Re: Trap errors from streaming child in pg_basebackup to exit early

From: Bharath Rupireddy <bharath(dot)rupireddyforpostgres(at)gmail(dot)com>
To: Daniel Gustafsson <daniel(at)yesql(dot)se>
Cc: PostgreSQL Hackers <pgsql-hackers(at)lists(dot)postgresql(dot)org>, Magnus Hagander <magnus(at)hagander(dot)net>
Subject: Re: Trap errors from streaming child in pg_basebackup to exit early
Date: 2021-09-03 15:03:45
Message-ID: CALj2ACVkc8rQPMaRMHQvk4ej=J8PW=iF3Zb=d_m8y2n2xPTyFA@mail.gmail.com
Views: Raw Message | Whole Thread | Download mbox | Resend email
Thread:
Lists: pgsql-hackers

On Fri, Sep 3, 2021 at 3:23 PM Daniel Gustafsson <daniel(at)yesql(dot)se> wrote:
> > 4) Instead of just exiting from the main pg_basebackup process when
> > the child WAL receiver dies, can't we think of restarting the child
> > process, probably with the WAL streaming position where it left off or
> > stream from the beginning? This way, the work that the main
> > pg_basebackup has done so far doesn't get wasted. I'm not sure if this
> > affects the pg_basebackup functionality. We can restart the child
> > process for 1 or 2 times, if it still dies, we can kill the main
> > pg_baasebackup process too. Thoughts?
>
> I was toying with the idea, but I ended up not pursuing it. This error is well
> into the “really shouldn’t happen, but can” territory and it’s quite likely
> that some level of manual intervention is required to make it successfully
> restart. I’m not convinced that adding complicated logic to restart (and even
> more complicated tests to simulate and test it) will be worthwhile.

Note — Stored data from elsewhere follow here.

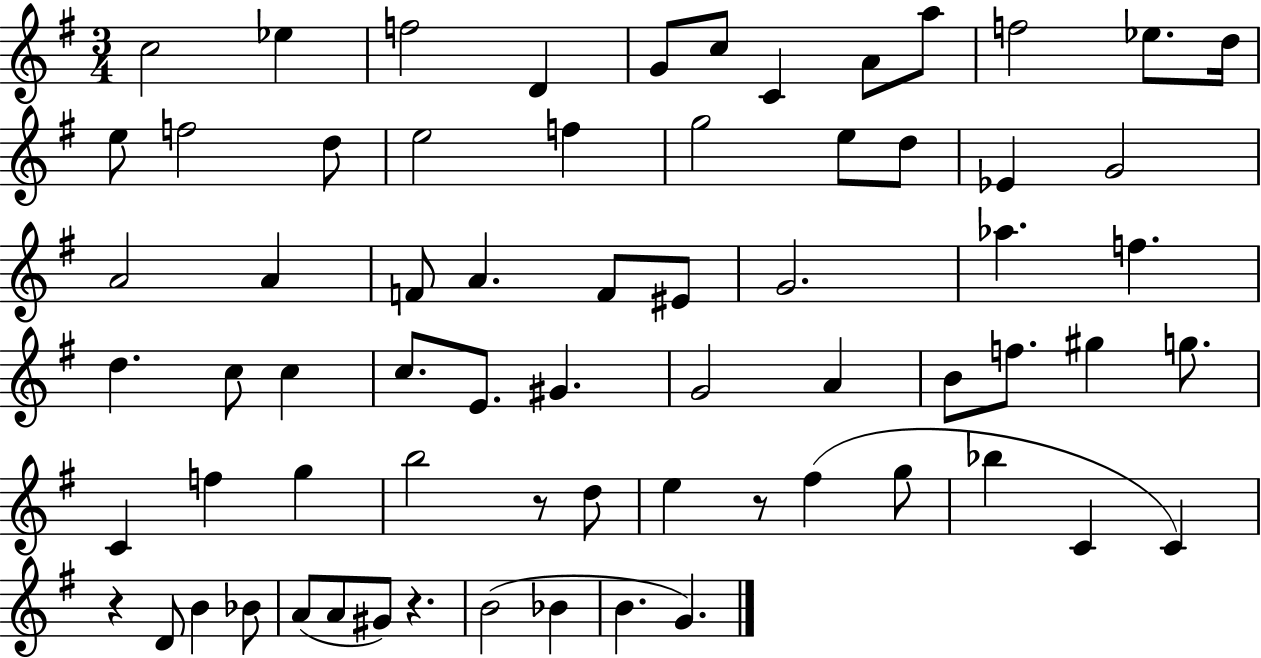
{
  \clef treble
  \numericTimeSignature
  \time 3/4
  \key g \major
  \repeat volta 2 { c''2 ees''4 | f''2 d'4 | g'8 c''8 c'4 a'8 a''8 | f''2 ees''8. d''16 | \break e''8 f''2 d''8 | e''2 f''4 | g''2 e''8 d''8 | ees'4 g'2 | \break a'2 a'4 | f'8 a'4. f'8 eis'8 | g'2. | aes''4. f''4. | \break d''4. c''8 c''4 | c''8. e'8. gis'4. | g'2 a'4 | b'8 f''8. gis''4 g''8. | \break c'4 f''4 g''4 | b''2 r8 d''8 | e''4 r8 fis''4( g''8 | bes''4 c'4 c'4) | \break r4 d'8 b'4 bes'8 | a'8( a'8 gis'8) r4. | b'2( bes'4 | b'4. g'4.) | \break } \bar "|."
}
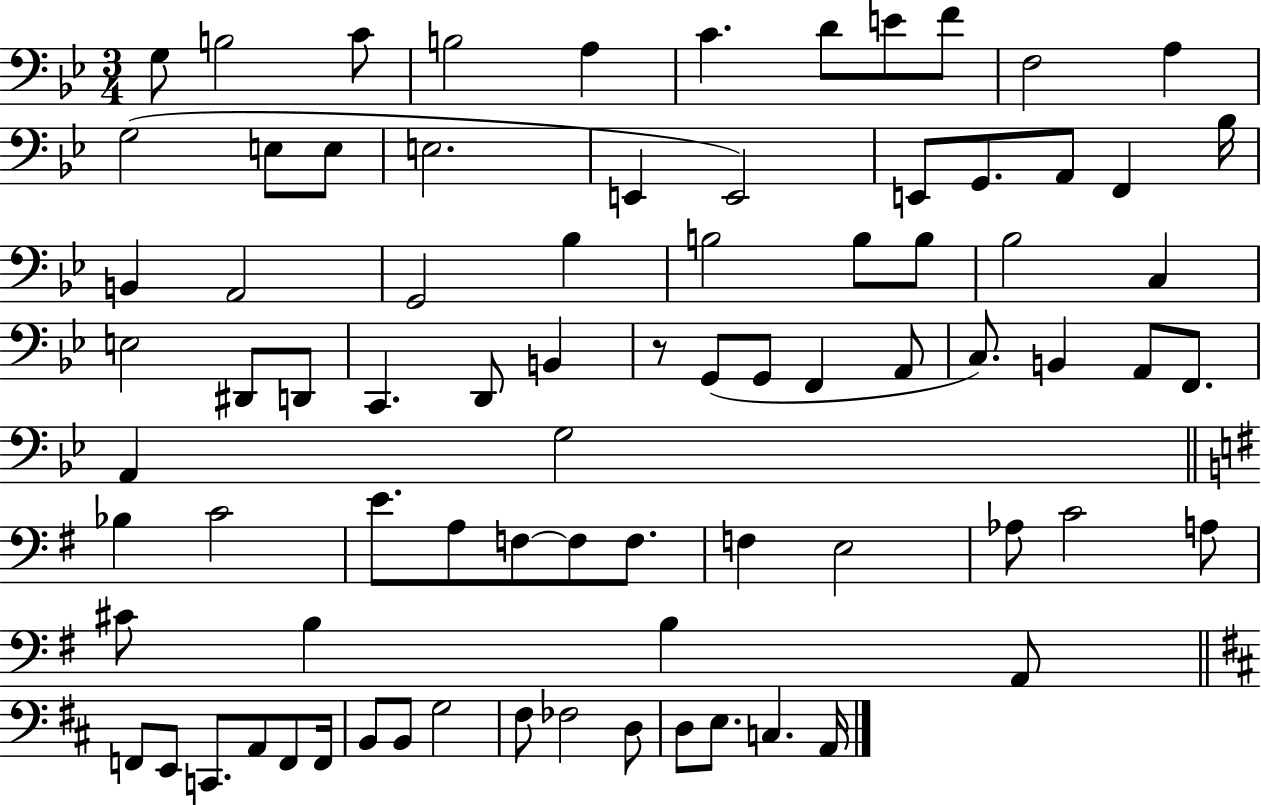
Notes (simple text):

G3/e B3/h C4/e B3/h A3/q C4/q. D4/e E4/e F4/e F3/h A3/q G3/h E3/e E3/e E3/h. E2/q E2/h E2/e G2/e. A2/e F2/q Bb3/s B2/q A2/h G2/h Bb3/q B3/h B3/e B3/e Bb3/h C3/q E3/h D#2/e D2/e C2/q. D2/e B2/q R/e G2/e G2/e F2/q A2/e C3/e. B2/q A2/e F2/e. A2/q G3/h Bb3/q C4/h E4/e. A3/e F3/e F3/e F3/e. F3/q E3/h Ab3/e C4/h A3/e C#4/e B3/q B3/q A2/e F2/e E2/e C2/e. A2/e F2/e F2/s B2/e B2/e G3/h F#3/e FES3/h D3/e D3/e E3/e. C3/q. A2/s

I withdraw my suggestion because I now feel that it's better not to
make it complex and let the user decide if at all the child process
exits abnormally.

I think we might still miss abnormal child thread exits on Windows
because we set bgchild_exited = true only if ReceiveXlogStream or
walmethod->finish() returns false. I'm not sure the parent thread on
Windows can detect a child's abnormal exit. Since there is no signal
mechanism on Windows, what the patch does is better to detect child
exit on two important functions failures.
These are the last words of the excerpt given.